I think I did something along the lines of this… Anything you can use?

Nomad:

group {
  # blah, blah..
  network {
    mode = "bridge"
    port "metrics_envoy" {to = 9102}

service {
  # blah, blah..
  meta {
    # Tag for prometheus scrape-targeting via consul (envoy)
    metrics_port_envoy = "${NOMAD_HOST_PORT_metrics_envoy}"
  }
  connect {
    sidecar_service {
      proxy {
        config {
          # Expose metrics for prometheus (envoy)
          envoy_prometheus_bind_addr = "0.0.0.0:9102"
        }

Prometheus:

# blah, blah..
scrape_configs:
- job_name: consul-connect-envoy
  consul_sd_configs:
  - server: 'http://172.17.0.1:8500'
  relabel_configs:
  - source_labels: [__meta_consul_service]
    regex: (.+)-sidecar-proxy
    action: drop
  - source_labels: [__meta_consul_service_metadata_metrics_port_envoy]
    regex: (.+)
    action: keep
  - source_labels: [__address__,__meta_consul_service_metadata_metrics_port_envoy]
    regex: ([^:]+)(?::\d+)?;(\d+)
    replacement: ${1}:${2}
    target_label: __address__

EDIT:
“$${NOMAD_HOST_PORT_metrics_envoy}” should be ${NOMAD_HOST_PORT_metrics_envoy}"

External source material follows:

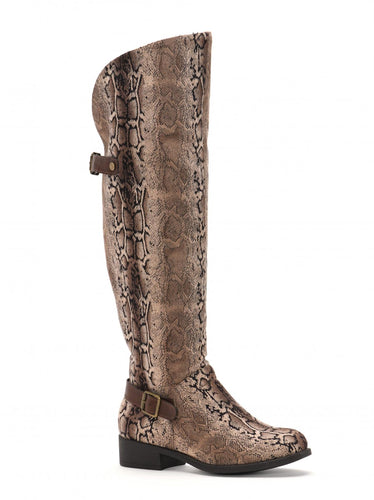 Brown Snake Pattern Over the Knee Boot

Thank you for the reply, i try this, maybe i made anything wrong?
my nomad job:

job "countdash" {
  datacenters = ["test"]
  group "api" {
    network {
      mode = "bridge"
      port "metrics_envoy" {
        to = 9102
      }
    }

    service {
      name = "test-metrics"
      port = "9001"
      meta {
        metrics_port_envoy = "$${NOMAD_HOST_PORT_metrics_envoy}"
      }
      connect {
        sidecar_service {
          proxy {
            config {
              # Expose metrics for prometheus (envoy)
              envoy_prometheus_bind_addr = "0.0.0.0:9102"
            }
          }
        }
      }

    }

    task "web" {
      driver = "docker"
      config {
        image = "nexus.my.domain:8083/counter-api:v1"
      }
    }
  }


}

In consul:

Prometheus:

On nomad’s host are’n opened port 9001 I need metrics from only envoy, but not service, envoy does’not registered on consul. if I understand correctly, envoy will`not register on consul. But, in nomad i watch envoy like separate container:

Can i get metrics from envoy but not from service?

I had a typo that you copied, it should be “${NOMAD_HOST_PORT_metrics_envoy}” (single dollar). Might be the problem

Explanation:

1. “port “metrics_envoy” {to = 9102}” maps a named port to port 9102 in the network-bridge for the deployment group & exposes as a dynamic port on the host.
2. "metrics_port_envoy = “${NOMAD_HOST_PORT_metrics_envoy}” sets a value you can lookup in the prometheus-job (metrics_port_envoy) and maps the value to the value of the dynamic port assigned in previous step (will change w/each deployment).
3. "envoy_prometheus_bind_addr = “0.0.0.0:9102” configures prometheus for the envoy-task itself to bind on 9102 on the network-bridge. See Consul documentation.
4. In Prometheus, you lookup the consul parameter from step 2 to read the host & port for the exported envoy metrics target.

EDIT:
You should also be able to access the dynamic port from step 1 on the host directly (http://<host-ip>:<dynamic-port>/metrics) to check if it works. Nomad will display the assigned port in the UI after deployment. I see yo are scraping port 9001, which is not the envoy metrics port, but the service-port, so I think you didn’t use the prometheus config I showed

It helps me
Thank you!

Thanks @runeron and @IvanNazarenko for the open discussion and solution for this issue, this helped me out so much and I was almost convinced that this feature was supported only in k8s. But I’ve got it working now too!